Imbolc è (quasi) trascorso. La Notte di Mezzo Inverno. Quando la lunga stagione fredda giunge al suo apice. E comincia la discesa verso la Primavera. E già nel vento sembra di sentire profumi diversi. E la luce si fa più brillante. Uno scintillio quasi febbrile. La Terra che, sotto la coltre fredda, freme per rinascere.
Imbolc è festa celtica. E, per tradizione, in Irlanda, veniva considerata l’inizio di Primavera. Perché, anche se il gelo è ancora intenso, le giornate sono ormai sensibilmente più lunghe. E il cielo sempre più terso e limpido. E i gaeli la chiamavano anche Oilmec. La festa del latte. Perché legata alla stagione in cui nascevano agnelli e capretti. E l’abbondanza di latte, burro, formaggi permetteva di superare la coda dell’inverno, quando ormai le provviste, stipate ad autunno, erano prossime ad esaurirsi.

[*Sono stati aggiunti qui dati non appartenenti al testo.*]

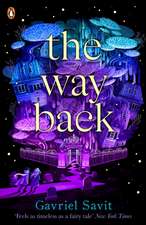 Savit, G: Way Back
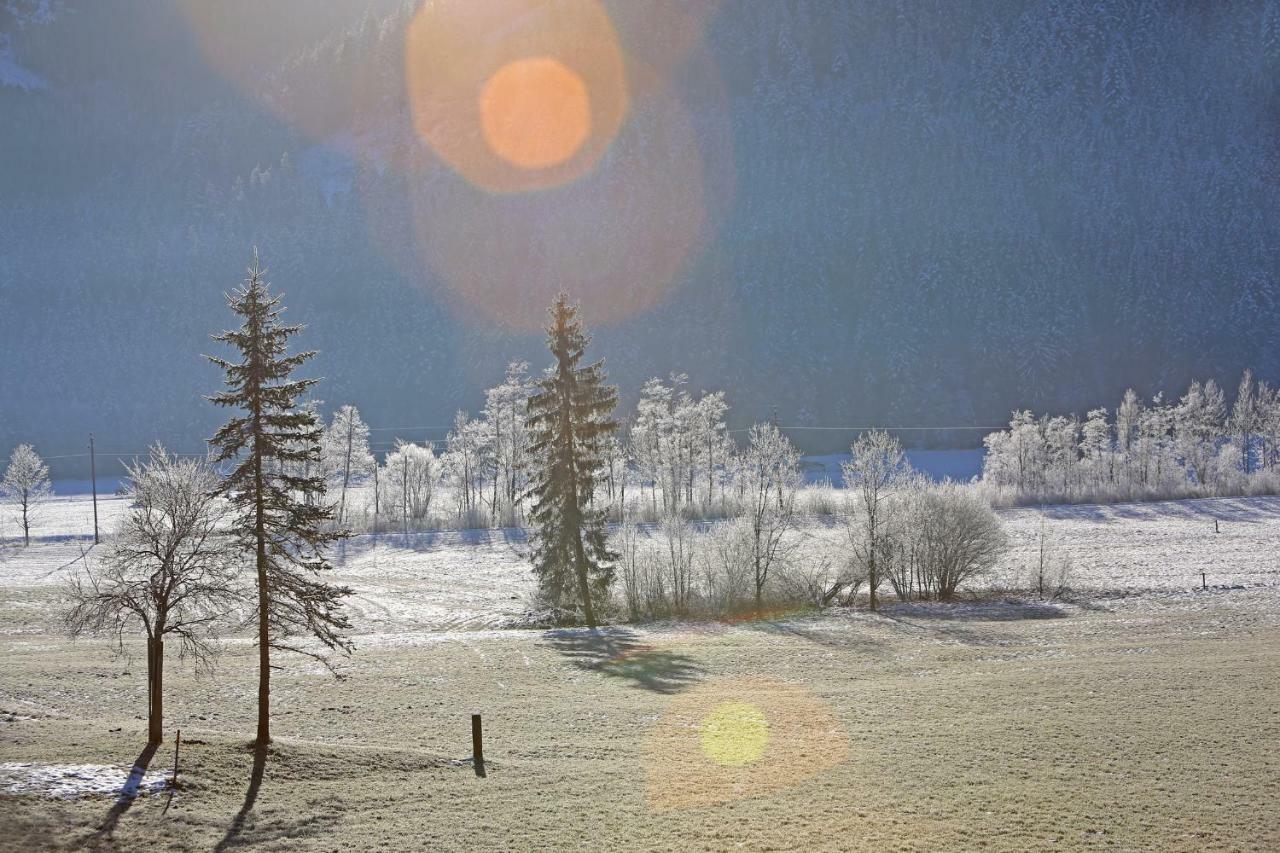 Ferienwohnungen Hager Gosau Esterno foto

Ma Imbolc, o Oilmec, cela anche un riferimento al grembo materno. Al ventre gravido della Madre Terra, dalla cui oscurità sorge la vita. E la Dea invocata nei riti sacrificali era Brigit. La luminosa. Madre e Vergine insieme. Che, certo, nel periodo più antico avrà richiesto sacrifici cruenti. Anche umani, probabilmente. Ma che soprattutto gradiva celebrazioni di tipo orgiastico. Canti, musica, bevande, birra e idromele soprattutto. Danze sfrenate ed estatiche. E, naturalmente, anche eros senza freni né tabù moralistici. Perché in questi rituali non vigeva una qualche, comune, morale. E tuttavia non vi era alcunché di…trasgressivo. Non nel senso, volgare e tutto sommato banale, squallido, che oggi diamo al termine. L’eros, anche sfrenato, l’orgia rituale alla luce della Luna, aveva la funzione di invocare ed evocare la potenza della Dea. E la vita. Non di solleticare, e/o appagare, le pulsioni represse dei partecipanti.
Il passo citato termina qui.